China’s motivations for its assault on cryptocurrencies include concerns about money-laundering, which is a particular issue for a country that imposes stringent capital controls and exerts pervasive and intrusive scrutiny and control over the activities of its citizens.
The authorities have also been clamping down on the dominant digital payments companies, concerned about their growing power within the economy and financial system, the anonymity of transactions and the implications for financial stability. They have sought access to the fintech’s customers’ data.
China effectively pulled the rug from under what would have been the world’s largest initial public offering earlier this year, Ant Group’s $US300 billion-plus float, as part of a broader effort to more intensely regulate its previously lightly-regulated or unregulated fintechs.
The directives to its banks and Alipay fit within that larger push to tighten central control over all financial activity.
The restrictions on bitcoin mining had different drivers. In May, the government imposed a severe crackdown on crypto mining which, given that an estimated 65 per cent to 70 per cent of all Bitcoin mining capacity was based in China, represents a massive threat to the cryptocurrency.
Bitcoin mining uses highly specialised computers to record and verify crypto transactions and create new coins.
Mining requires vast amounts of power – it is estimated that the energy consumed is equivalent to that of nations like Argentina and Norway – and therefore has come under increasing and increasingly critical scrutiny in a world where a consensus is building to accelerate efforts to reduce global carbon emissions.
China’s carbon emissions target is net zero by 2060 and so the decision to drive digital mining activity out of the country was presumably based on its environmental impact, although it does form part of the wider attack on digital currencies.
China has its own digital currency plans and has been trialling a digital version of its yuan, both within its domestic economy and in cross-border transactions. Bitcoin could also facilitate.

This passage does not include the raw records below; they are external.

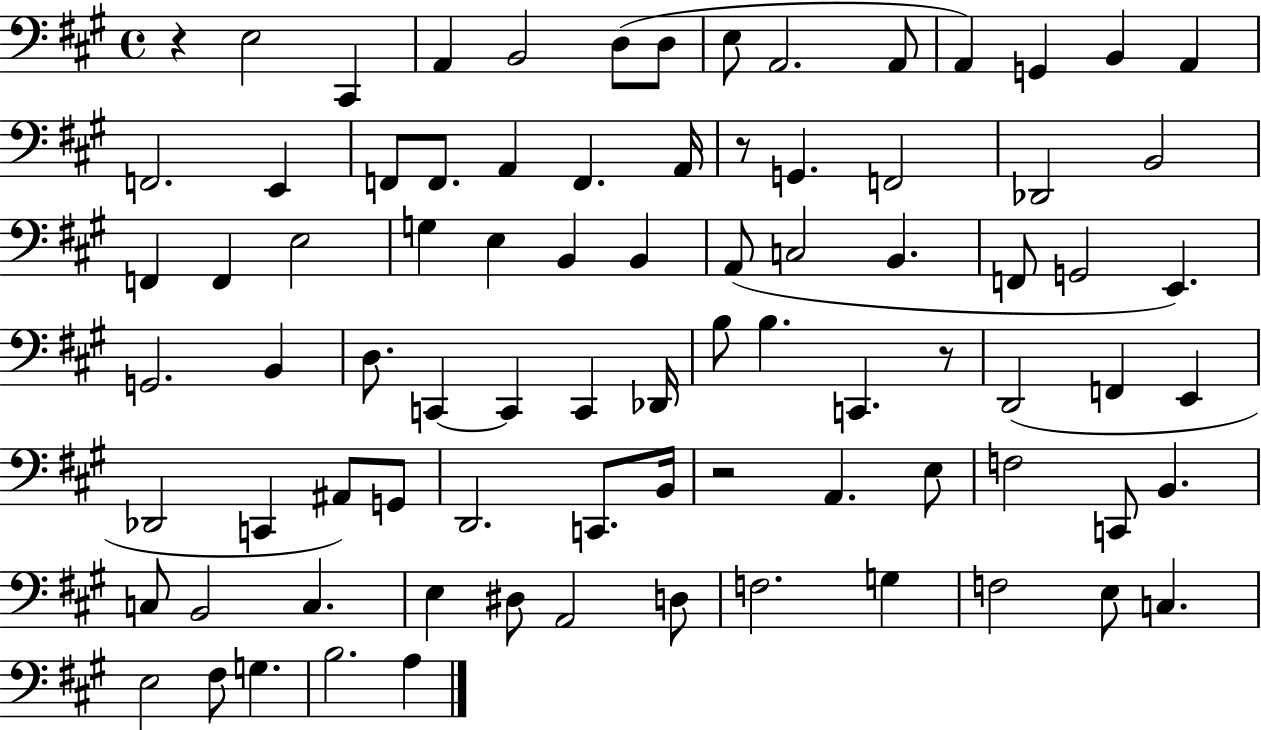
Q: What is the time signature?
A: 4/4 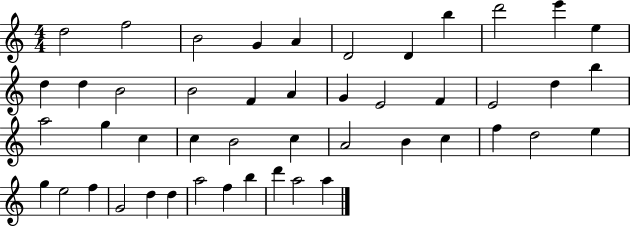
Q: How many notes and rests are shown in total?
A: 47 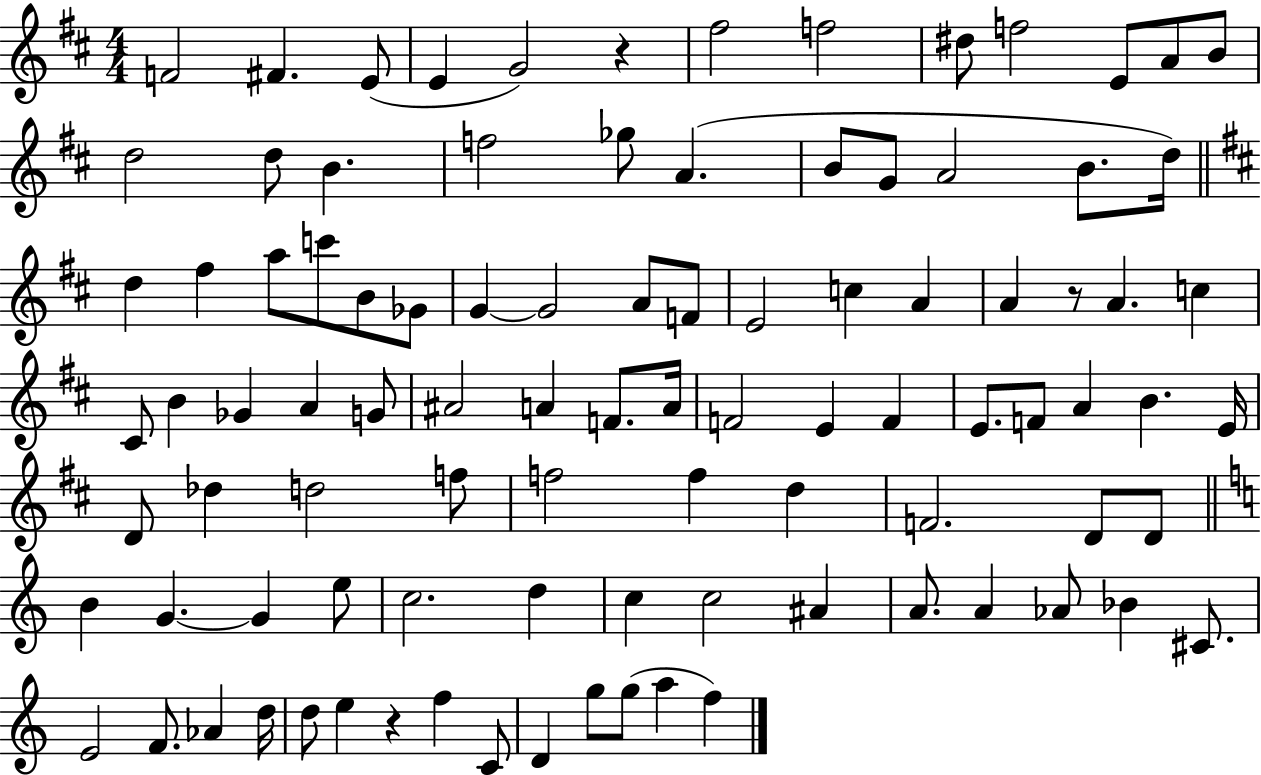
{
  \clef treble
  \numericTimeSignature
  \time 4/4
  \key d \major
  f'2 fis'4. e'8( | e'4 g'2) r4 | fis''2 f''2 | dis''8 f''2 e'8 a'8 b'8 | \break d''2 d''8 b'4. | f''2 ges''8 a'4.( | b'8 g'8 a'2 b'8. d''16) | \bar "||" \break \key b \minor d''4 fis''4 a''8 c'''8 b'8 ges'8 | g'4~~ g'2 a'8 f'8 | e'2 c''4 a'4 | a'4 r8 a'4. c''4 | \break cis'8 b'4 ges'4 a'4 g'8 | ais'2 a'4 f'8. a'16 | f'2 e'4 f'4 | e'8. f'8 a'4 b'4. e'16 | \break d'8 des''4 d''2 f''8 | f''2 f''4 d''4 | f'2. d'8 d'8 | \bar "||" \break \key a \minor b'4 g'4.~~ g'4 e''8 | c''2. d''4 | c''4 c''2 ais'4 | a'8. a'4 aes'8 bes'4 cis'8. | \break e'2 f'8. aes'4 d''16 | d''8 e''4 r4 f''4 c'8 | d'4 g''8 g''8( a''4 f''4) | \bar "|."
} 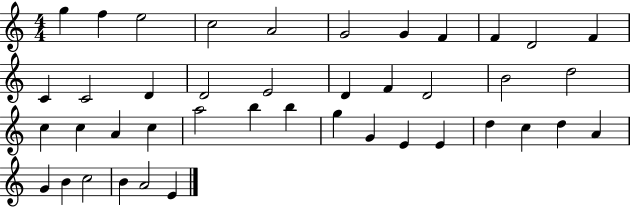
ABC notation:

X:1
T:Untitled
M:4/4
L:1/4
K:C
g f e2 c2 A2 G2 G F F D2 F C C2 D D2 E2 D F D2 B2 d2 c c A c a2 b b g G E E d c d A G B c2 B A2 E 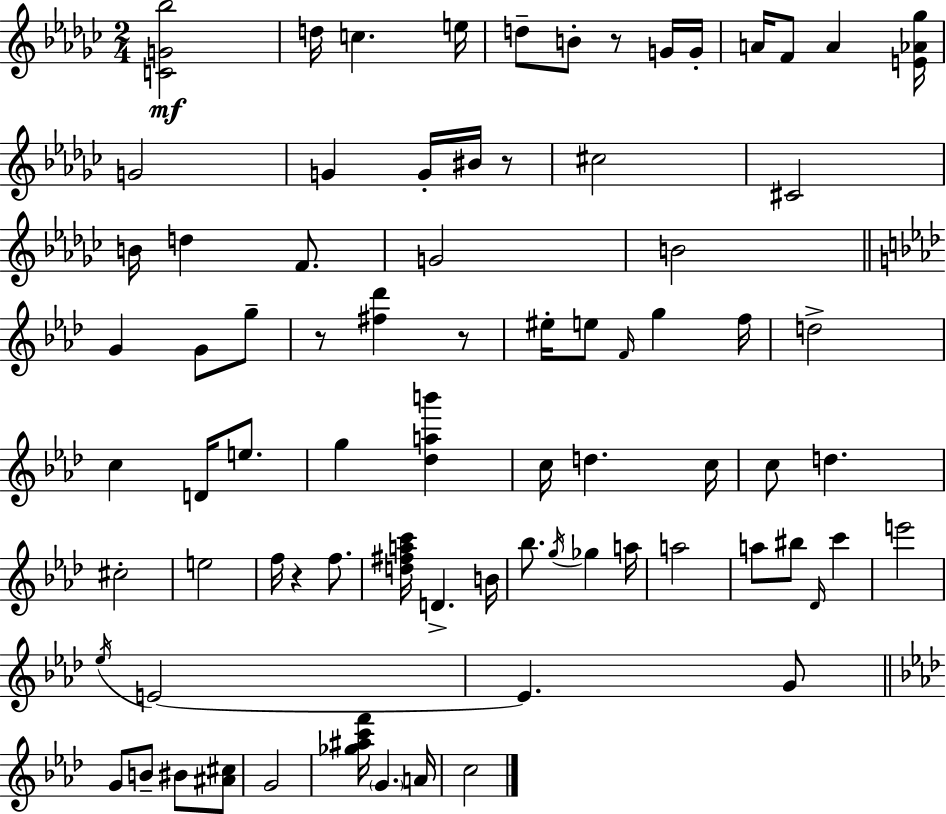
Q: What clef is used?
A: treble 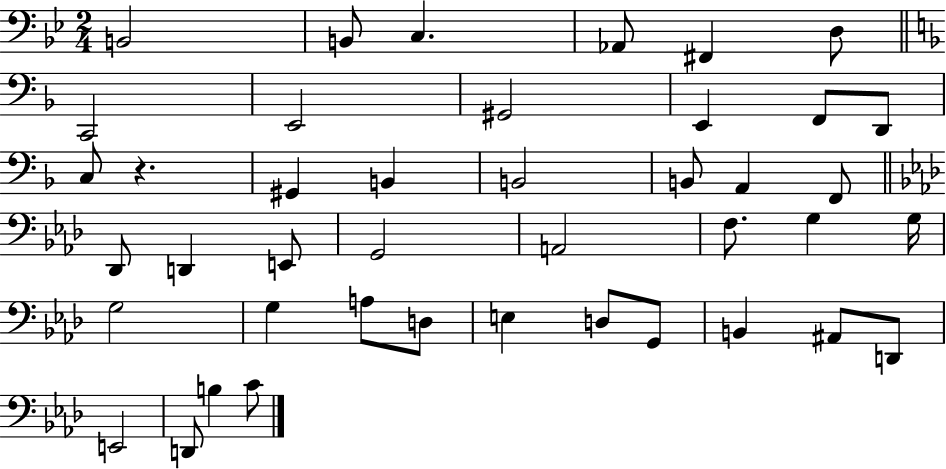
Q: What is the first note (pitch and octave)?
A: B2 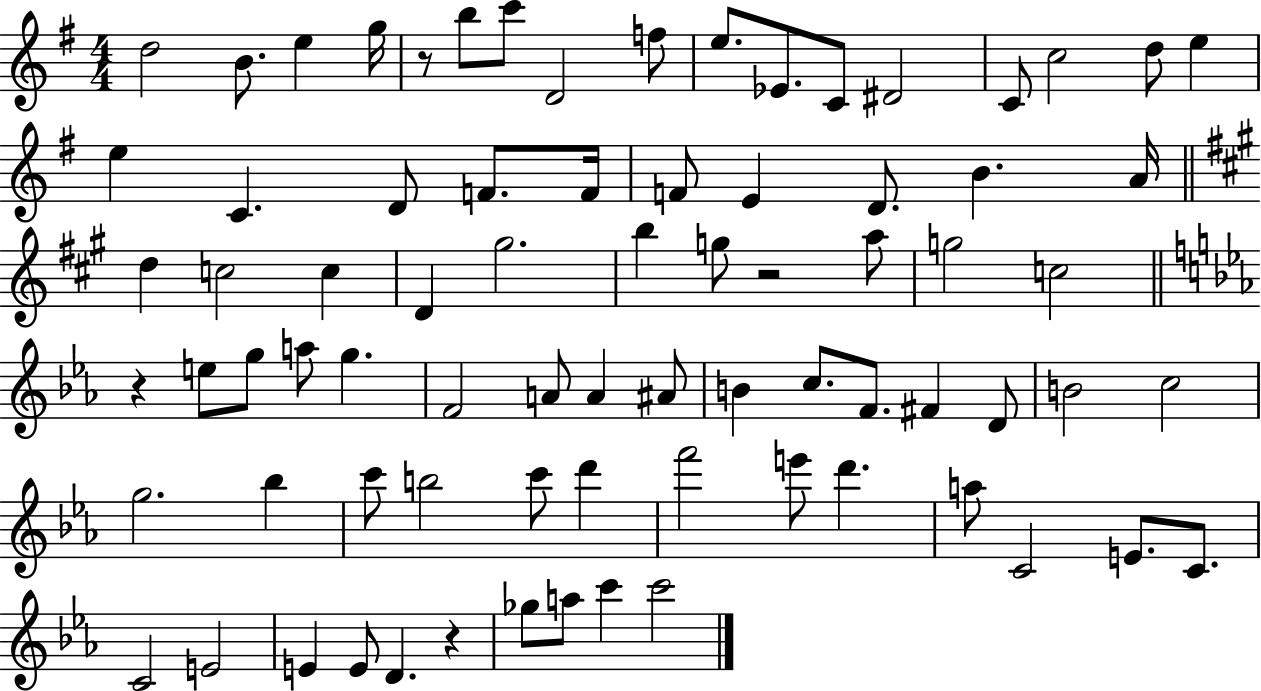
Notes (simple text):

D5/h B4/e. E5/q G5/s R/e B5/e C6/e D4/h F5/e E5/e. Eb4/e. C4/e D#4/h C4/e C5/h D5/e E5/q E5/q C4/q. D4/e F4/e. F4/s F4/e E4/q D4/e. B4/q. A4/s D5/q C5/h C5/q D4/q G#5/h. B5/q G5/e R/h A5/e G5/h C5/h R/q E5/e G5/e A5/e G5/q. F4/h A4/e A4/q A#4/e B4/q C5/e. F4/e. F#4/q D4/e B4/h C5/h G5/h. Bb5/q C6/e B5/h C6/e D6/q F6/h E6/e D6/q. A5/e C4/h E4/e. C4/e. C4/h E4/h E4/q E4/e D4/q. R/q Gb5/e A5/e C6/q C6/h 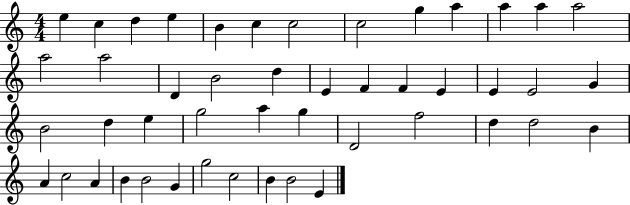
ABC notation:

X:1
T:Untitled
M:4/4
L:1/4
K:C
e c d e B c c2 c2 g a a a a2 a2 a2 D B2 d E F F E E E2 G B2 d e g2 a g D2 f2 d d2 B A c2 A B B2 G g2 c2 B B2 E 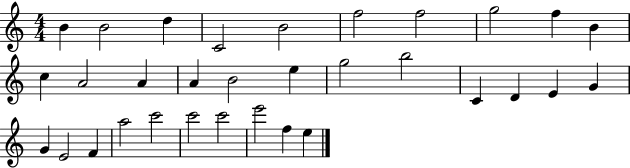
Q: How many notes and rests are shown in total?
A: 32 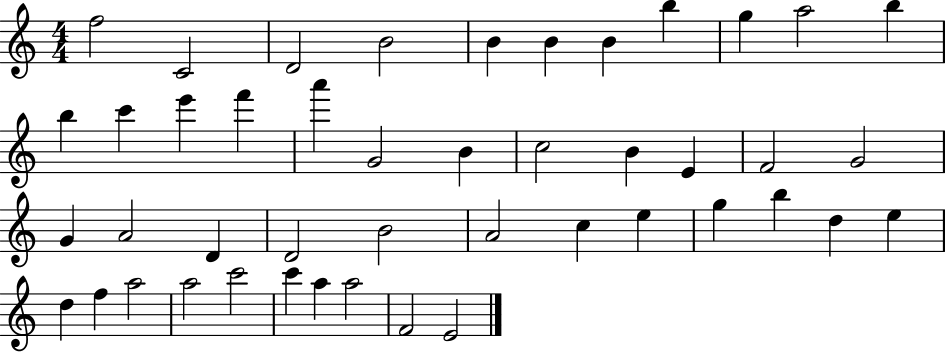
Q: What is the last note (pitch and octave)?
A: E4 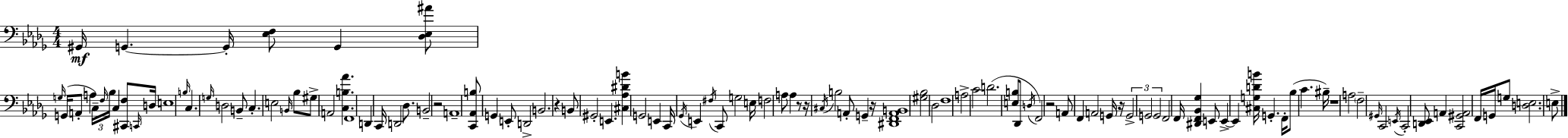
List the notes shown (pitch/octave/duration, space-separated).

G#2/s G2/q. G2/s [Eb3,F3]/e G2/q [Db3,Eb3,A#4]/e G3/s G2/s A2/e A3/q C3/s F3/s Bb3/s C3/q [C#2,F3]/e C2/s D3/s E3/w B3/s C3/q. G3/s D3/h B2/e C3/q. E3/h B2/s Bb3/e G#3/e A2/h [C3,B3,Ab4]/q. F2/w D2/q C2/s D2/h Db3/e. B2/h R/h A2/w [C2,Ab2,B3]/e G2/q E2/e D2/h B2/h. R/q B2/e G#2/h E2/q. [C#3,Ab3,D#4,B4]/q G2/h E2/q C2/s Gb2/s E2/q F#3/s C2/e G3/h E3/s F3/h A3/e A3/q R/e R/s C#3/s B3/h A2/e G2/q R/s [D#2,F2,A2,B2]/w [G#3,Bb3]/h Db3/h F3/w A3/h C4/h D4/h. [E3,B3]/e Db2/e D3/s F2/h R/h A2/e F2/q A2/h G2/s R/s G2/h G2/h G2/h F2/h F2/s [D#2,F2,Bb2,Gb3]/q E2/e E2/q E2/q [C#3,G3,D4,B4]/s G2/q. F2/s Bb3/e C4/q. BIS3/s R/w A3/h F3/h G#2/s C2/h E2/s C2/h [D2,Eb2]/e A2/q [C2,G#2,A2]/h F2/s G2/s G3/e [D3,E3]/h. E3/e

A state-issued digital currency would enable the authorities to displace the cashless transactions that e-payment giants like Ant Group and Tencent pioneered and dominate and which Bitcoin could also facilitate. It would defuse any risk such a concentrated position in unregulated payments might have for a financial system that is more fragile and vulnerable than China is comfortable with.
The impact of its directive on mining has been almost instant, with China’s major provincial governments moving quickly to shut down Bitcoin mining in their jurisdictions. It is forcing a mass exodus of the miners.
Surprisingly, some are looking to the US as their new home, while others are moving to places like Kazakhstan and Russia.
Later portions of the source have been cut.